1. Academic Validation
  2. Mutation in PNPT1, which encodes a polyribonucleotide nucleotidyltransferase, impairs RNA import into mitochondria and causes respiratory-chain deficiency

Mutation in PNPT1, which encodes a polyribonucleotide nucleotidyltransferase, impairs RNA import into mitochondria and causes respiratory-chain deficiency

  • Am J Hum Genet. 2012 Nov 2;91(5):912-8. doi: 10.1016/j.ajhg.2012.09.001.
Vanessa Vedrenne 1 Ali Gowher Pascale De Lonlay Patrick Nitschke Valérie Serre Nathalie Boddaert Cecilia Altuzarra Anne-Marie Mager-Heckel Florence Chretien Nina Entelis Arnold Munnich Ivan Tarassov Agnès Rötig
Affiliations

Affiliation

  • 1 Université Paris Descartes-Sorbonne Paris Cité, Institut Imagine and INSERM U781, Hôpital Necker-Enfants Malades, 149 rue de Sèvres, Paris, France.
Abstract

Multiple-respiratory-chain deficiency represents an important cause of mitochondrial disorders.
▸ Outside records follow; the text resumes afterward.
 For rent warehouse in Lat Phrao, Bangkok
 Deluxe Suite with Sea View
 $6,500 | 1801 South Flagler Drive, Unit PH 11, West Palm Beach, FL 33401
Hitherto, however, mutations in genes involved in mtDNA maintenance and translation machinery only account for a fraction of cases. Exome sequencing in two siblings, born to consanguineous parents, with severe encephalomyopathy, choreoathetotic movements, and combined respiratory-chain defects allowed us to identify a homozygous PNPT1 missense mutation (c.1160A>G) that encodes the mitochondrial polynucleotide phosphorylase (PNPase). Blue-native polyacrylamide gel electrophoresis showed that no PNPase complex could be detected in subject fibroblasts, confirming that the substitution encoded by c.1160A>G disrupts the trimerization of the protein. PNPase is predominantly localized in the mitochondrial intermembrane space and is implicated in RNA targeting to human mitochondria. Mammalian mitochondria import several small noncoding nuclear RNAs (5S rRNA, MRP RNA, some tRNAs, and miRNAs). By RNA hybridization experiments, we observed a significant decrease in 5S rRNA and MRP-related RNA import into mitochondria in fibroblasts of affected subject 1. Moreover, we found a reproducible decrease in the rate of mitochondrial translation in her fibroblasts. Finally, overexpression of the wild-type PNPT1 cDNA in fibroblasts of subject 1 induced an increase in 5S rRNA import in mitochondria and rescued the mitochondrial-translation deficiency. In conclusion, we report here abnormal RNA import into mitochondria as a cause of respiratory-chain deficiency.